The US dollar and Treasury yields sustained losses on Wednesday, with investors eyeing lacklustre data ahead of an eagerly awaited Federal Reserve decision.

The buck declined 0.54 per cent against six global currencies. The losses were particularly intense against the Japanese yen, with the dollar sliding almost 1 per cent to Y109. The euro rose 0.55 per cent to $1.1276, and sterling gained 0.3 per cent to $1.2788. Mexico’s currency also strengthened above 18 pesos to the dollar for the first time since last August.

In fixed income, investors piled into Treasuries, sending yields falling. The policy-sensitive two-year yield fell 0.073 percentage point (7.3 basis points) to 1.29 per cent, while the 10-year yield tumbled 10.4 bps to 2.103 per cent. The 10-year yield was trading at levels not seen since the immediate aftermath of Donald Trump’s election last November.

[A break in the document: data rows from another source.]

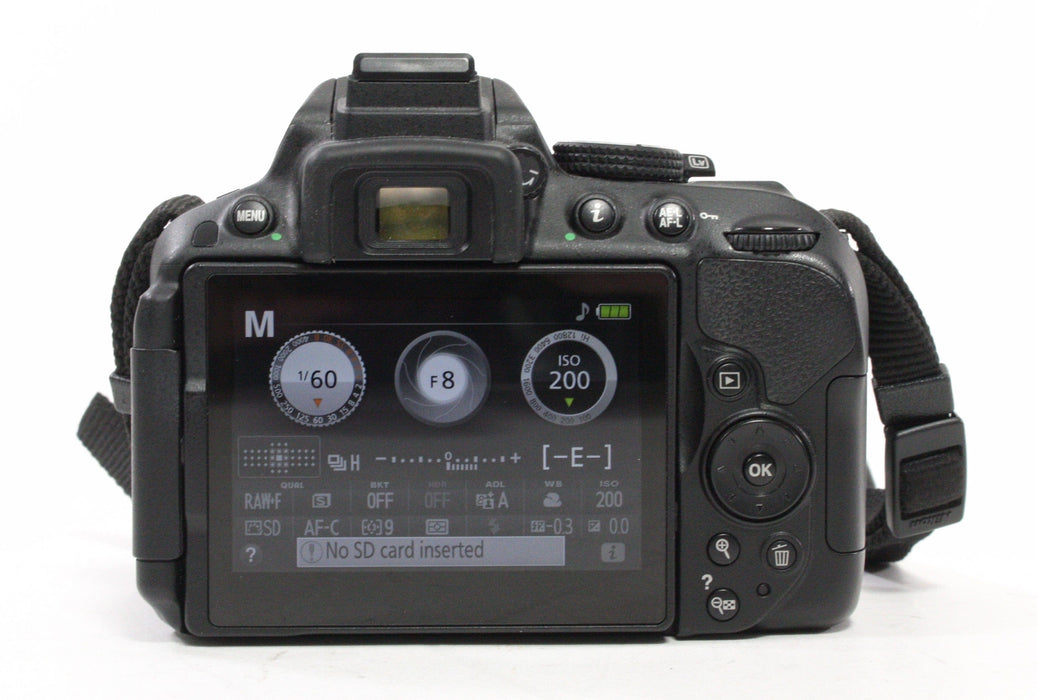 Nikon D5300 Digital SLR with 18-55mm f/3.5-5.6G Lens Shutter Count 3,192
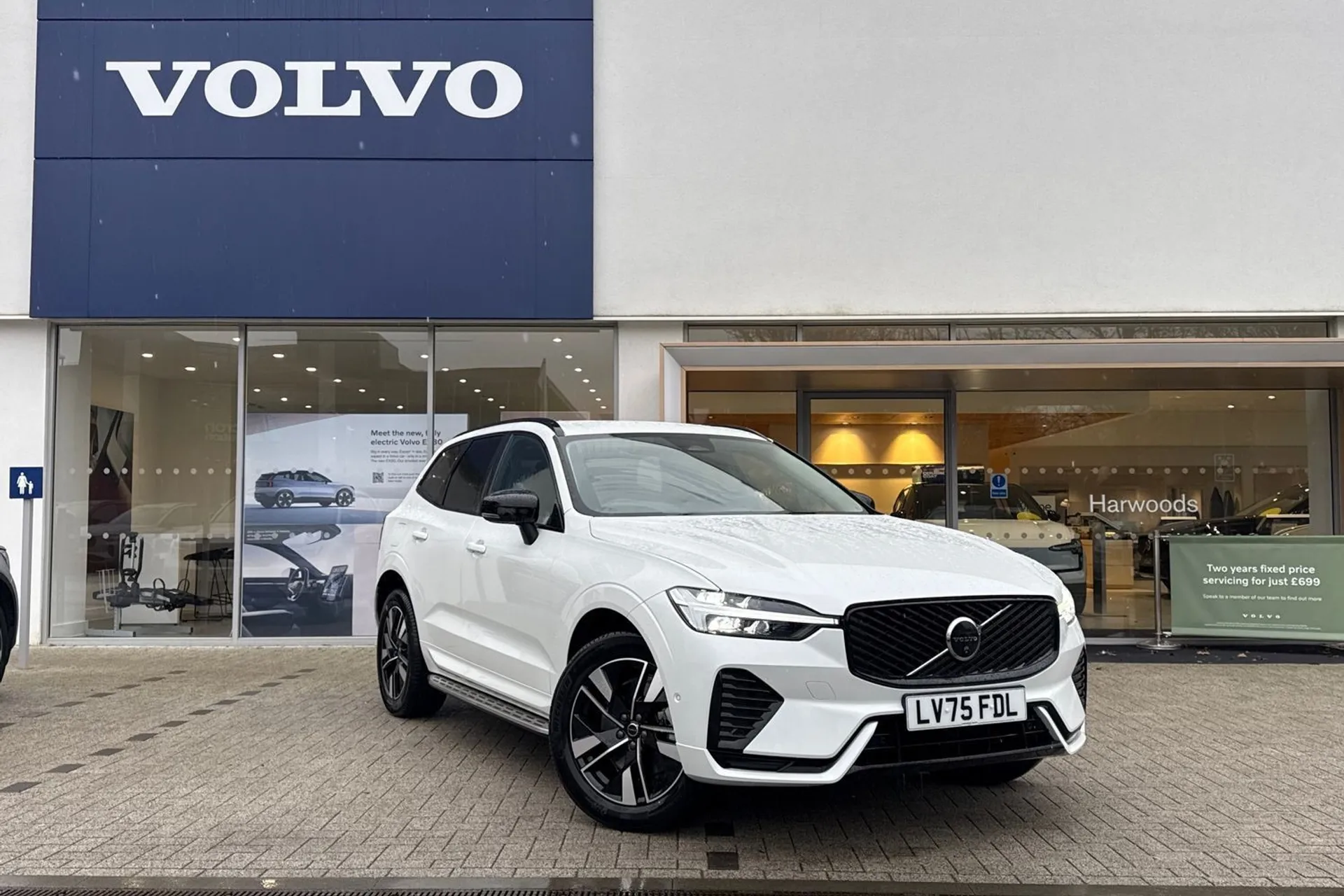 Volvo XC60 focused image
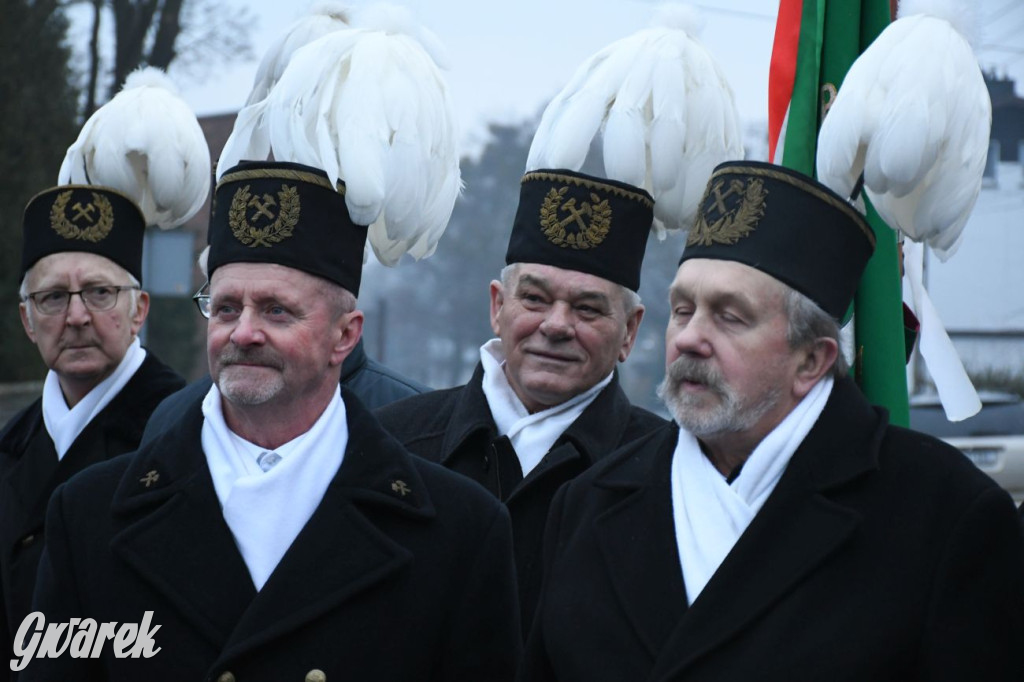 Odsłonięto rzeźbę gwarka. Stanęła w Lasowicach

Meanwhile, banks, which are thought to benefit from higher yields, saw share prices decline. The KBW banks index dropped 1.2 per cent. Bank of America, one of the biggest US lenders, was among the worst performers, sinking 1.9 per cent.

Wednesday’s moves come on the heels of data showing that inflation and retail sales both undershot expectations last month, further distorting the picture of how the economy is performing in the second quarter.

The Fed will release its policy statement at 2pm in Washington. Central bankers are broadly expected to raise interest rates, but analysts are increasingly expecting policymakers to underscore their focus on disappointing price growth even as the labour market has approached full employment.

“We still expect the Fed to hike rates this afternoon. Heading into today’s number Fed speakers generally indicated that a hike remains likely; we don’t think they’d want to appear too fickle in the face of one data print,” said Michael Feroli, chief US economist at JPMorgan Chase.

“That said, three disappointments is a crowd, and we think the post-meeting statement will have to take the recent slowing in core inflation more seriously”.